Last August, Alphabet was seen taking over Apple to become the most cash-rich company on Earth, mostly because of the latter's overseas profit repatriation and relatively high R&D spending. However, Google's parent company has posted its latest financial report, which tells a mixed story to investors.
The company reported revenues of $40.5 billion for the third quarter of 2019, a 20 percent increase over the same period of last year. However, that only tells one part of the story, as the profit failed to meet targets and analyst forecasts -- it saw a sharp decline of 23 percent to almost $7.1 billion. This caused a mild drop of 2 percent in value for company shares in after-hours trading.
Naturally, most of the revenue came from Google and more specifically, from Google's advertising business, which makes up 85 percent of the total earnings. Google's "Other Revenues" segment, which includes cloud and the mobile hardware business registered $6.4 billion in revenue.
It's also worth mentioning that Alphabet's "Other Bets" category may have had a significant contribution to the decrease in overall profits, as the operating losses amount to a whopping $941 million.
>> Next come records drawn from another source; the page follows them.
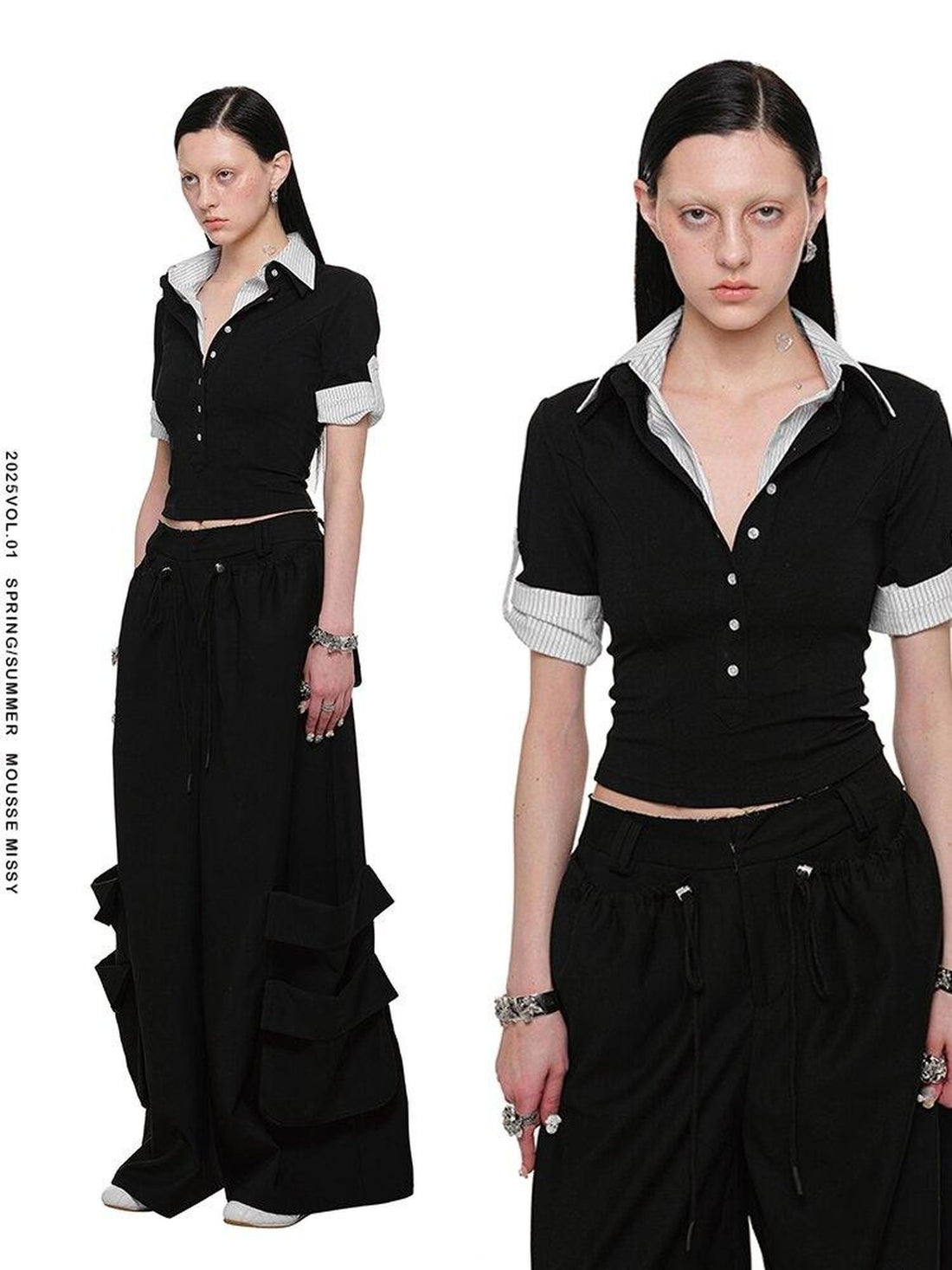 1JINN STUDIO Striped Patchwork Faux Polo Collar Women&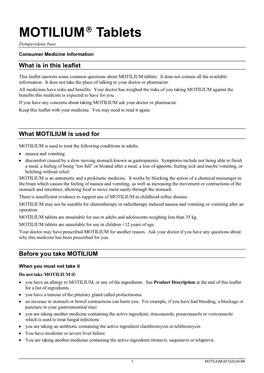MOTILIUM Tablets Domperidone Base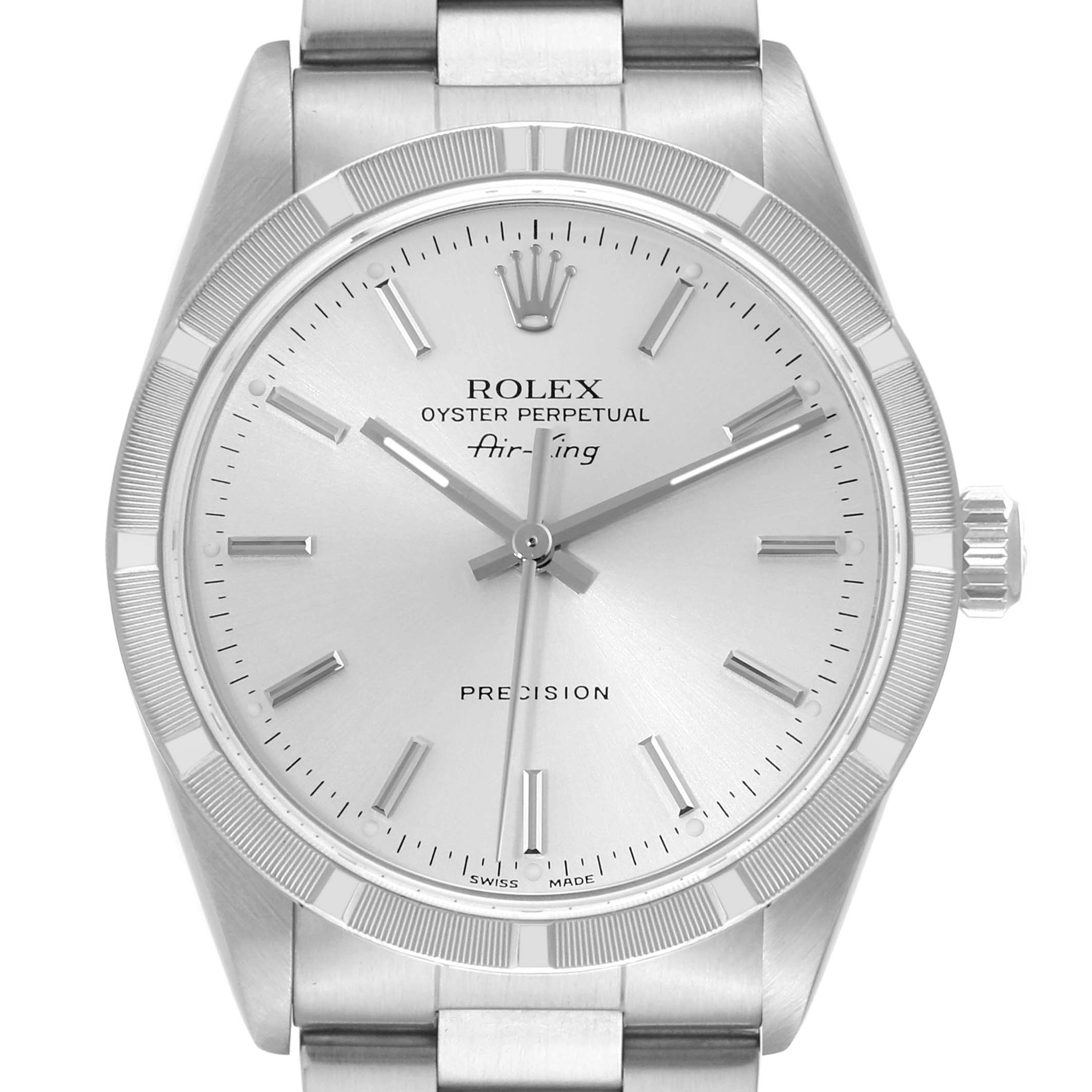 The image shows the front view of a Rolex Air-King 14010 Men's Stainless Steel Silver Dial 14010 Men's Stainless Steel Silver Dial watch, displaying its dial, hands, crown, and part of the bracelet.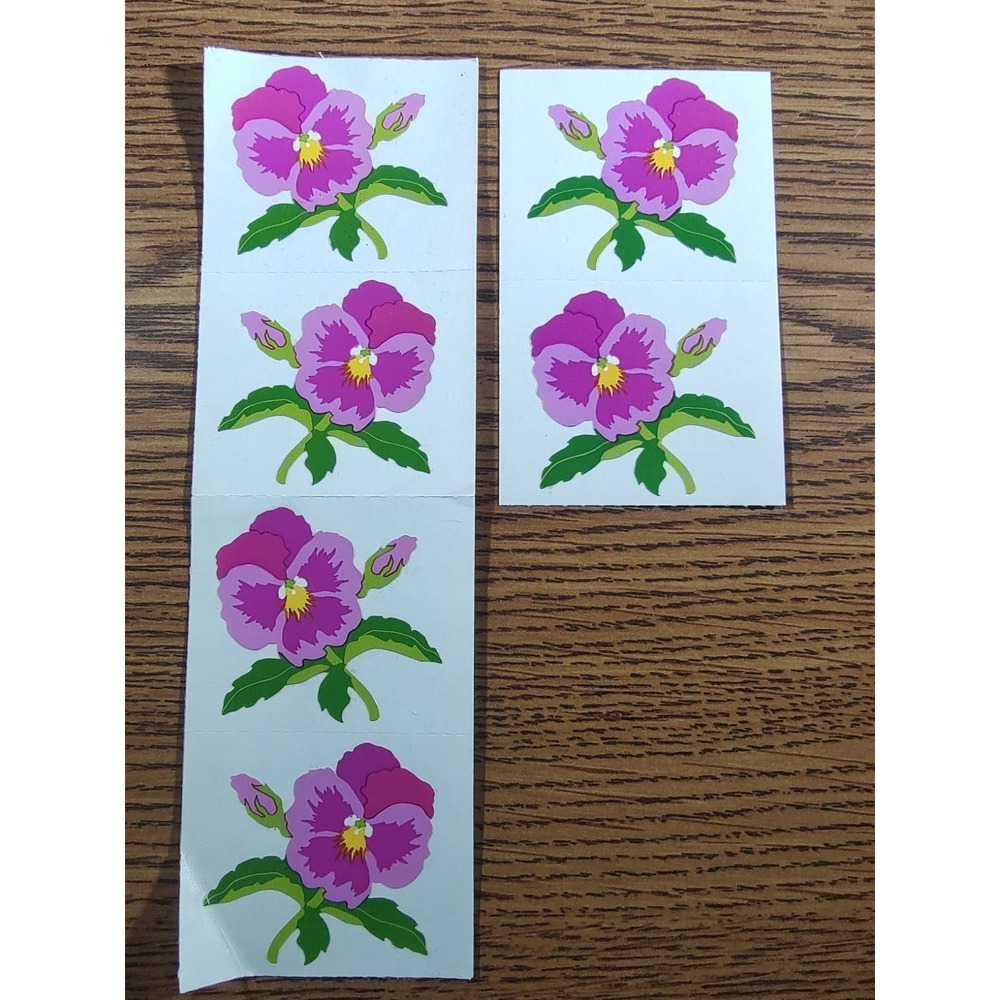MRS. GROSSMAN'S STICKERS FLORAL Purple PANSEY 6 SQUARES/6 FLOWERS S290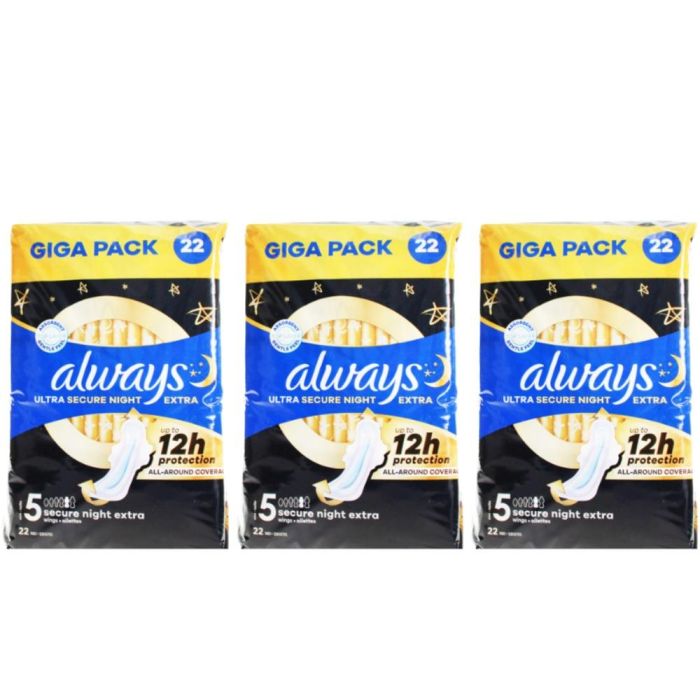 Always Ultra Secure Night Extra Size 5 Sanitary Towels with Wings 22 Count - Pack of 3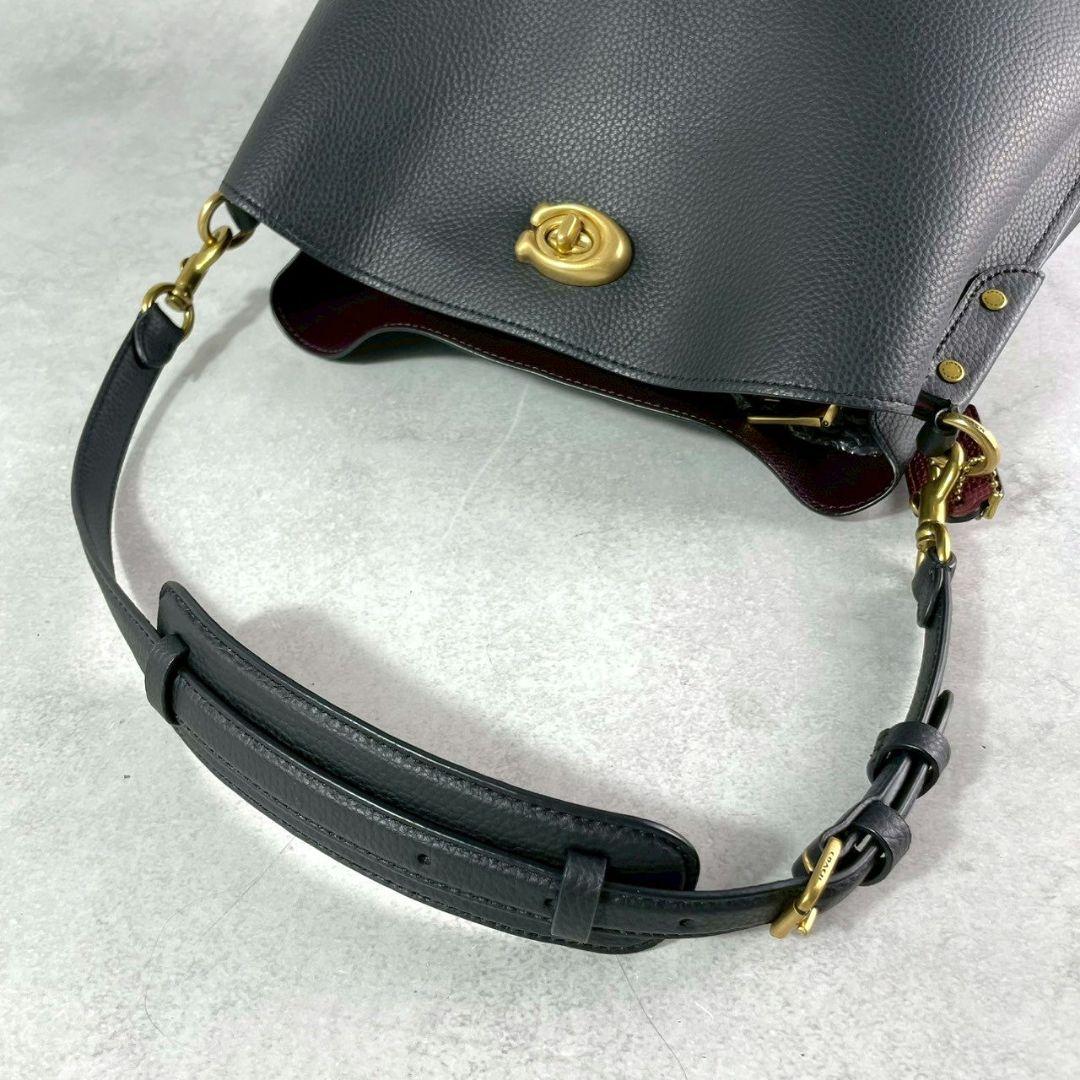 極美品 コーチ ウィロウ 2way ショルダーバッグ ビジネスバッグ レザー 黒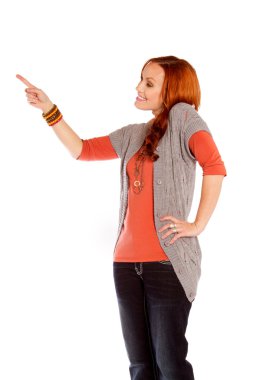 gülümseyen kadın işaret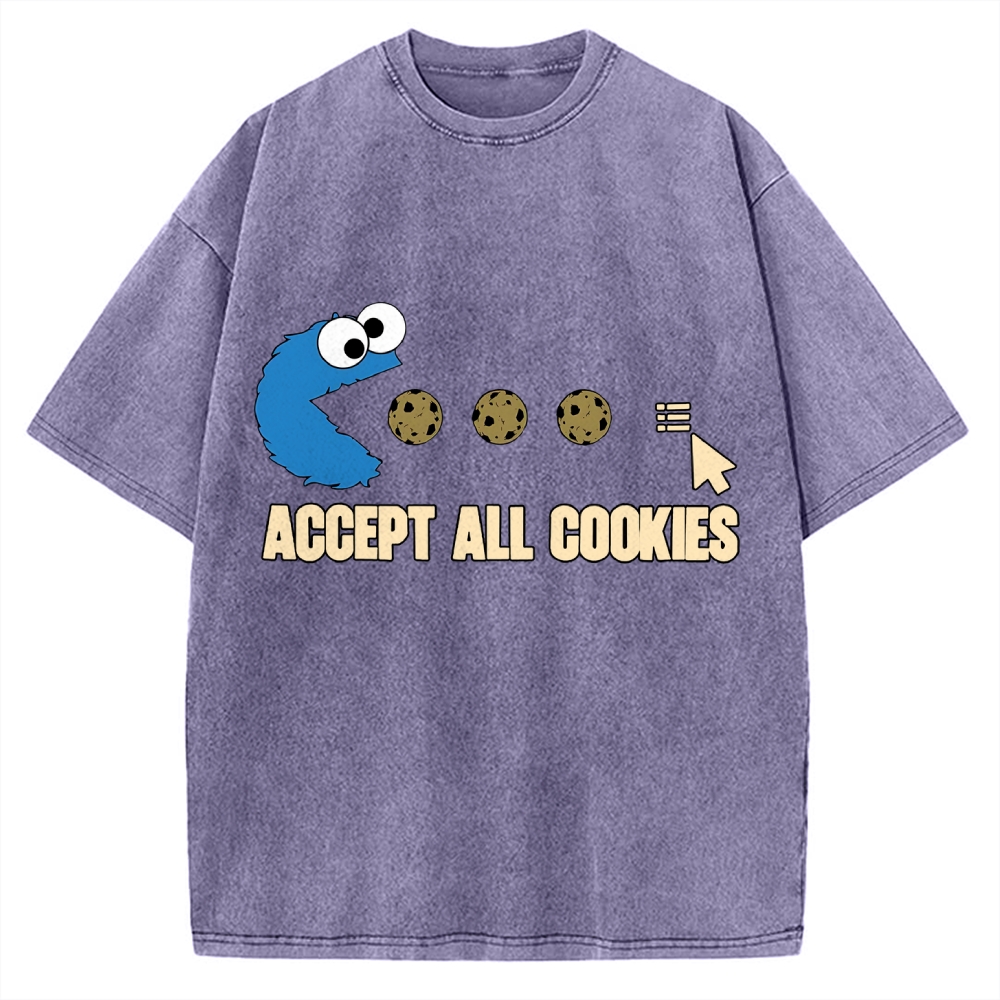Accept All Cookies Funny Pac-Man Monster Vintage Washed T-shirt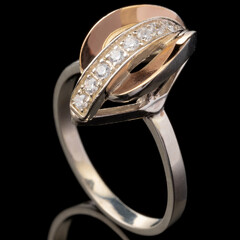 Срібне кільце 925 проби з золотом арт. 486к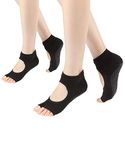 Panda Bros 2PCS Yoga Socks for Women, Toeless Non Slip Skid Grip Sock - Sports, Barre, Ballet, Dance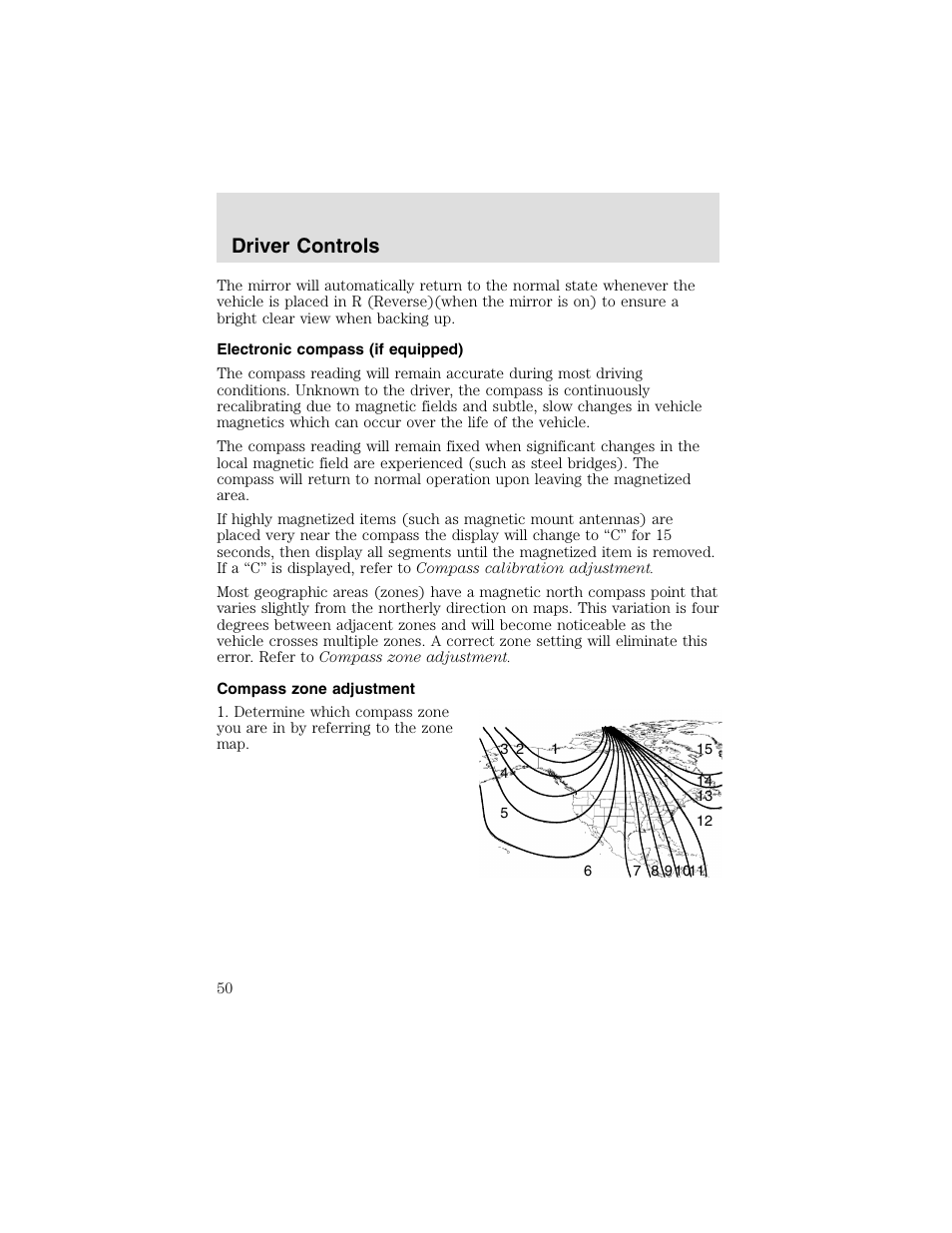 Driver controls | FORD 2003 Taurus v.2 User Manual | Page 50 / 216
This includes investments in Waymo, Verily, and Google Fiber.
Between Google's antitrust battles and increased competition from other tech giants like Amazon, the company has been working to reduce its reliance on search and advertising by investing more into enterprise cloud and ambient computing, not to mention self-driving cars. As part of that strategy, Google hired 6,450 employees in the last three months alone, and now sits at a total of 114,000.
Google has to look beyond search and advertising for long-term growth opportunities, so investors aren't particularly worried about the current earnings miss. That said, the company decided not to compete for the Pentagon's cloud-computing contract valued at $10 billion, which was recently awarded to Microsoft.
Cloud computing would appear to be where the company is turning most of its efforts. On the consumer front, that translates into Google Stadia, a service that would allow people with a fast enough connection to play AAA games on mobile devices or in the living room by streaming all content in real time while rendering work takes place away on Google's datacenters.